We included planning CT, PET, and MRI(T1-weighted and T2-weighted) from 154 HNSCC patients treated with primary curative (chemo-)radiotherapy. Clinical delineations of gross tumor volume(GTVt) and involved lymph nodes(GTVn) on CT were considered ground truth. All modalities were resampled to a volumetric isotropic 1mm voxel grid, and MRI images were registered to PET/CT using either rigid registration (RR) or deformable registration (DR) with Elastix.
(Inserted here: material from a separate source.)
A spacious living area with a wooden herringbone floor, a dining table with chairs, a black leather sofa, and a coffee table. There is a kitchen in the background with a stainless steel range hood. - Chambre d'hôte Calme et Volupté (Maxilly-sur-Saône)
We used a 3D UNet with deep supervision as a baseline CNN segmentation model. We designed two approaches from architecture and data directions (1) deformable convolution networks (DCN) and (2) channel translation augmentation (CHTL). DCN employs offsets to enable free-form deformation of CNN from the fixed 3D sampling grid. We modified the MRI path of UNet's first block with DCN to enhance the geometric transformation modeling capacity. For CHTL augmentation, we randomly shift MRI channels with a maximum of 3 mm on the x, y, and z axis.
Six segmentation groups were compared: RR images with UNet, DCN and CHTL; DR images with UNet, DCN and CHTL. Data was split to uniform train(93 pt), validation(31 pt), test(30 pt), and trained for 200 epochs independently. Results of the test set were evaluated on the union of GTVt and GTVn, using Dice similarity coefficient(Dice), Hausdorff Distance 95 percentile(HD95), Mean Surface Distance(MSD) and training time.
The networks were trained with the sum of Dice and Top-k loss, Stochastic Gradient Descent optimizer with batch size 2, initial learning rate 0.01 with decay, patches sampling with the size of 128*128*128. Universal augmentation operations include scaling, rotations and mirroring.